● Dataset section
——————
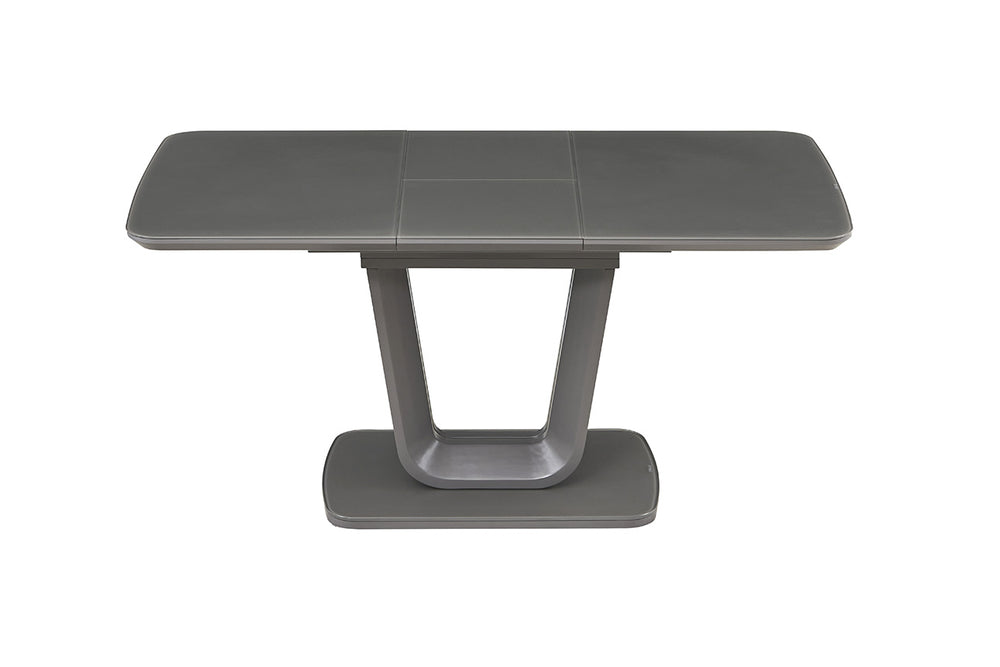 Laporte 160cm Extending Dining Table
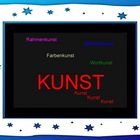 Kunst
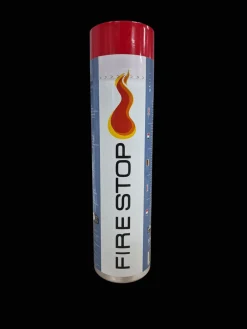 Sprayblusser 600 ml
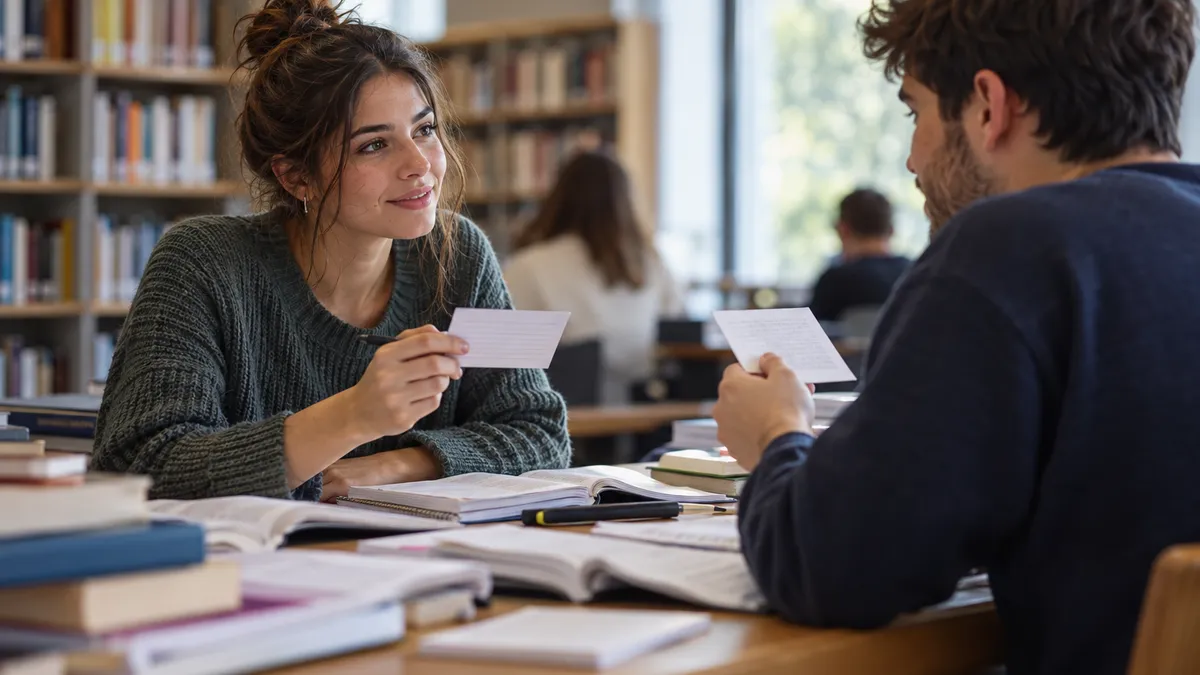 Certificación PCT: Guía Completa del Examen de Técnico de Atención al Paciente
——————
● Assignment
The reply should contain all of the data above, word for word, with no pictures.

● Task result
 Laporte 160cm Extending Dining Table
 Kunst
 Sprayblusser 600 ml
 Certificación PCT: Guía Completa del Examen de Técnico de Atención al Paciente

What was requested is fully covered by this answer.